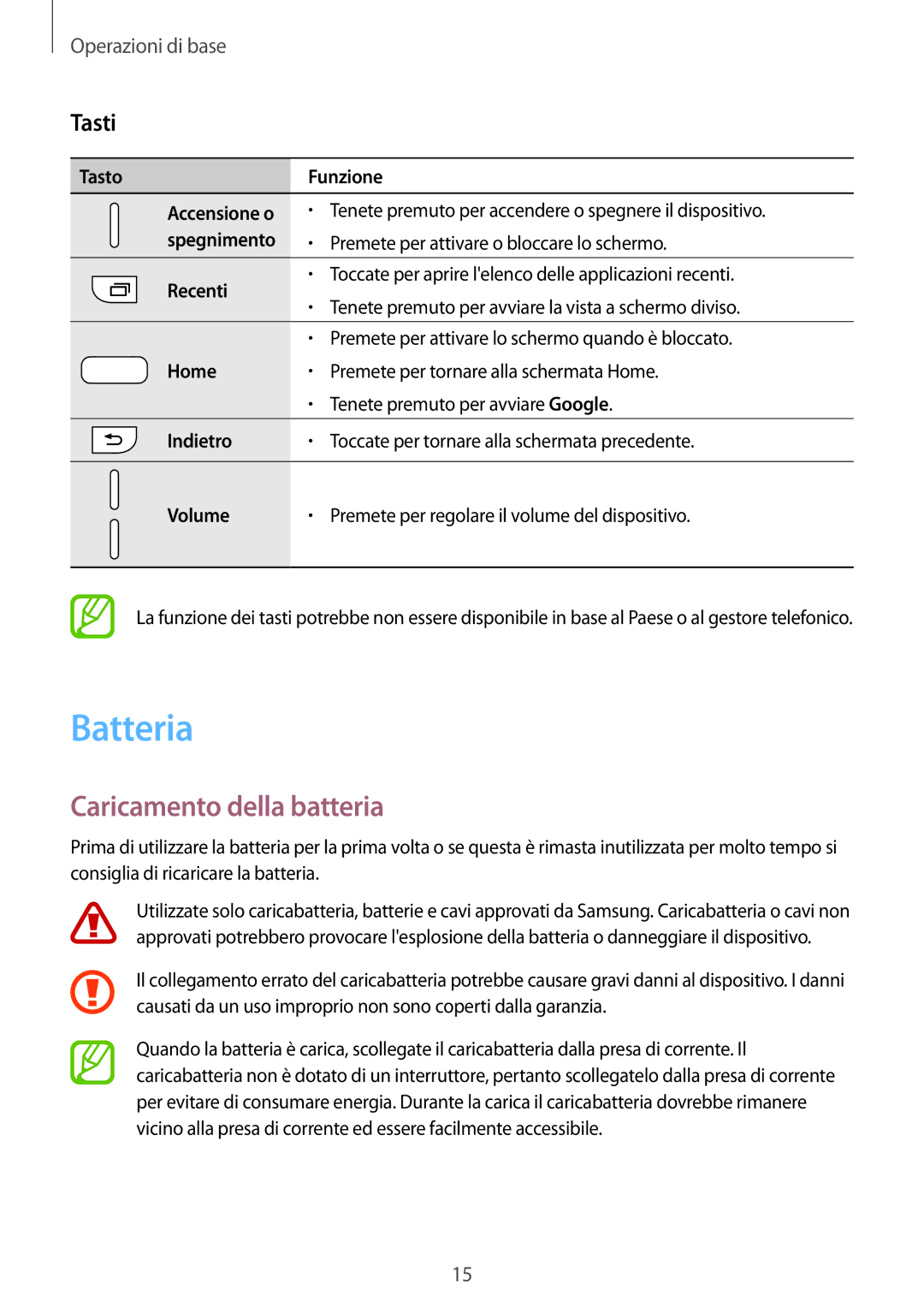 Samsung SM-A520FZIAITV, SM-A520FZBAITV, SM-A320FZBNITV, SM-A320FZINITV manual Batteria, Caricamento della batteria, Tasti 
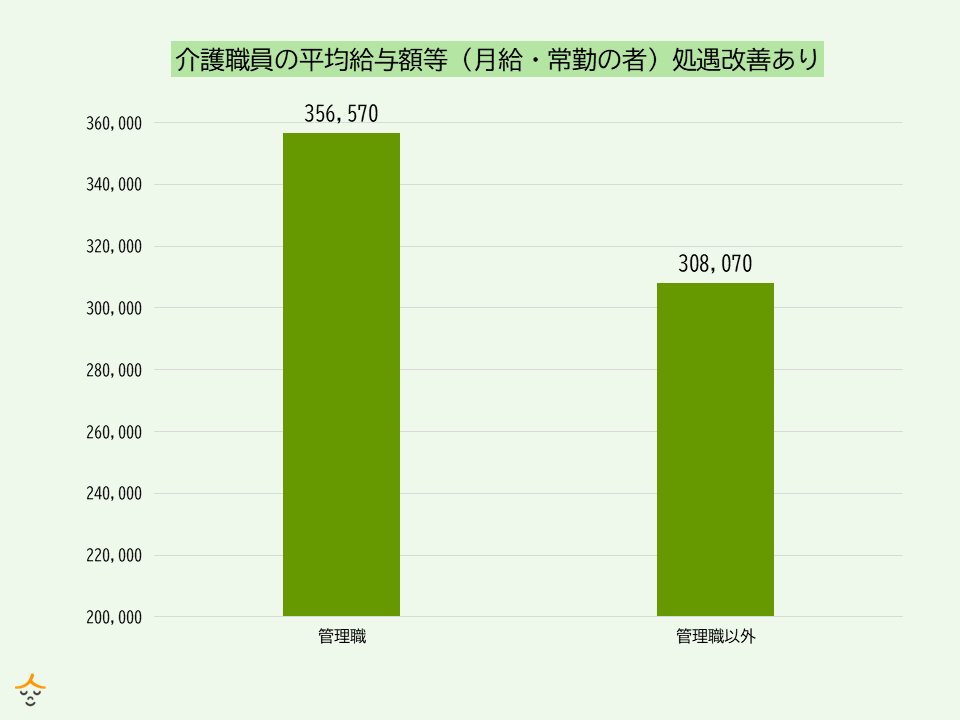 介護主任 給与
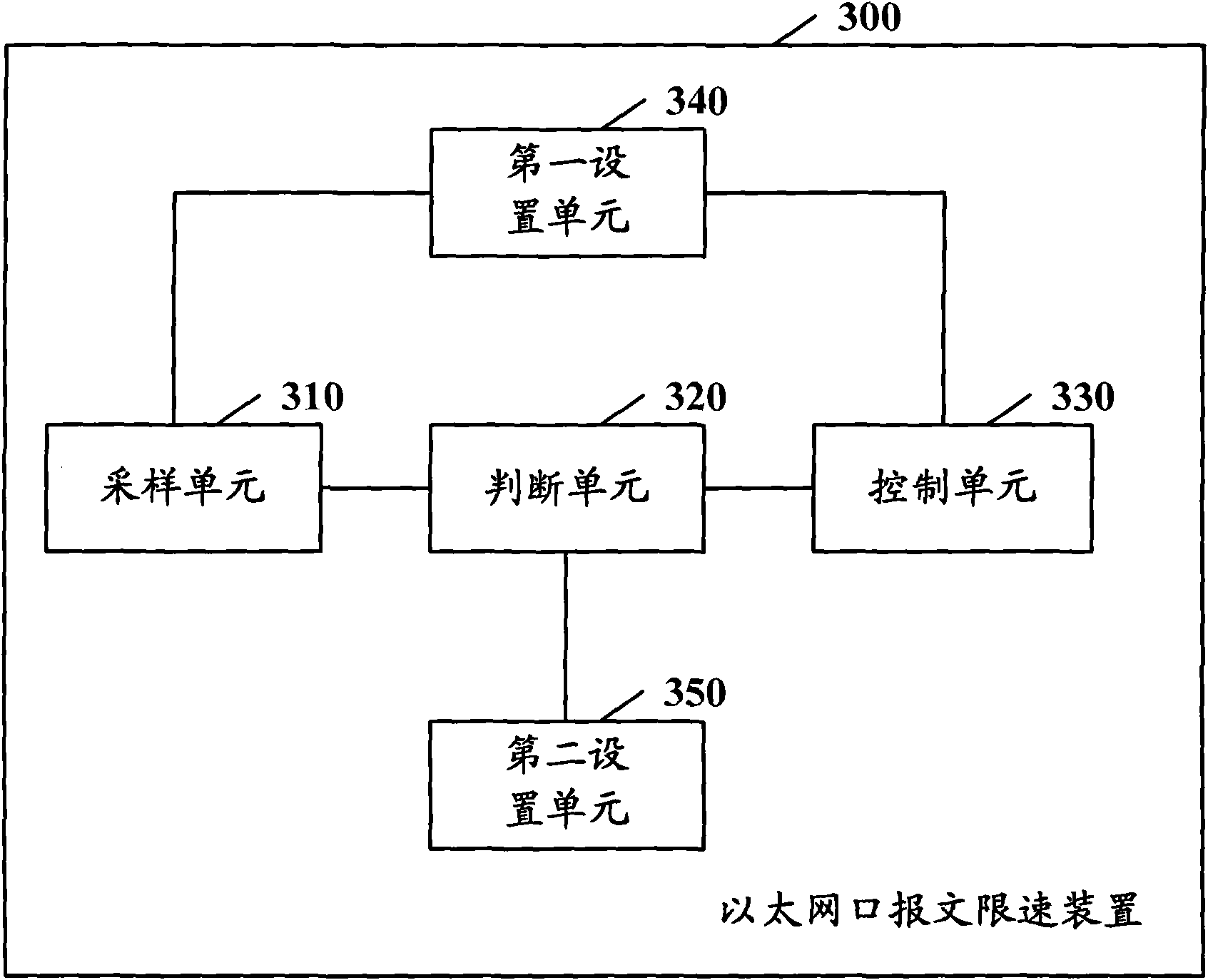 Message rate-limiting method of Ethernet port, device and data communication device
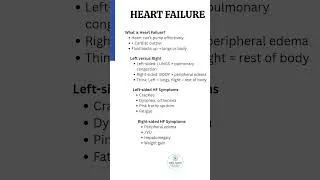 Thumbnail: NCLEX Review: Heart Failure #medsurgnursing #heartfailure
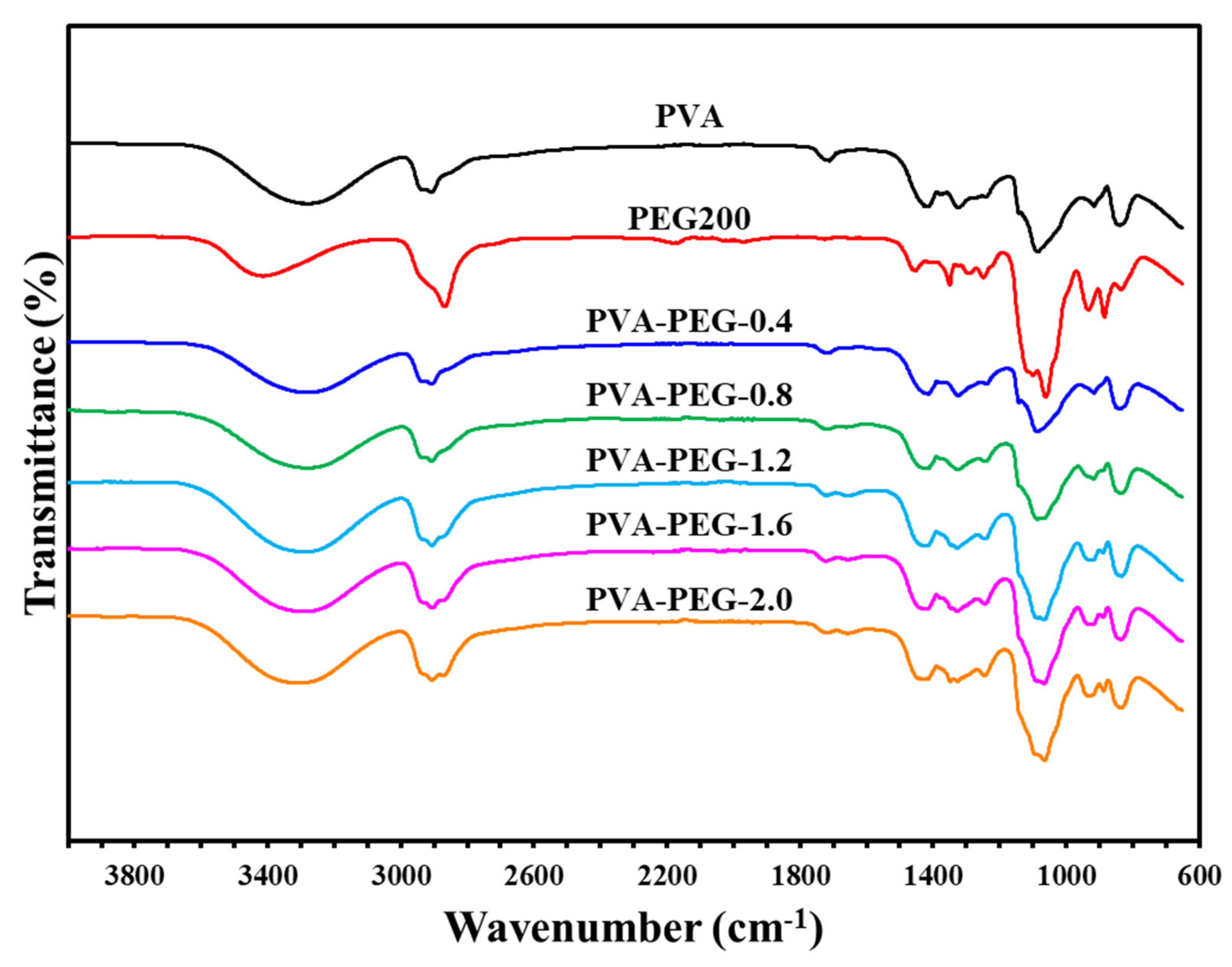 Sustainability 13 13367 g005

WORK REQUEST:
The copy must start at the line containing "Message rate-limiting method" and stop at the last line of the listing, both included, with every line exact and no pictures.

THE COMPLETED TASK:
 Message rate-limiting method of Ethernet port, device and data communication device
 Thumbnail: NCLEX Review: Heart Failure #medsurgnursing #heartfailure
 Sustainability 13 13367 g005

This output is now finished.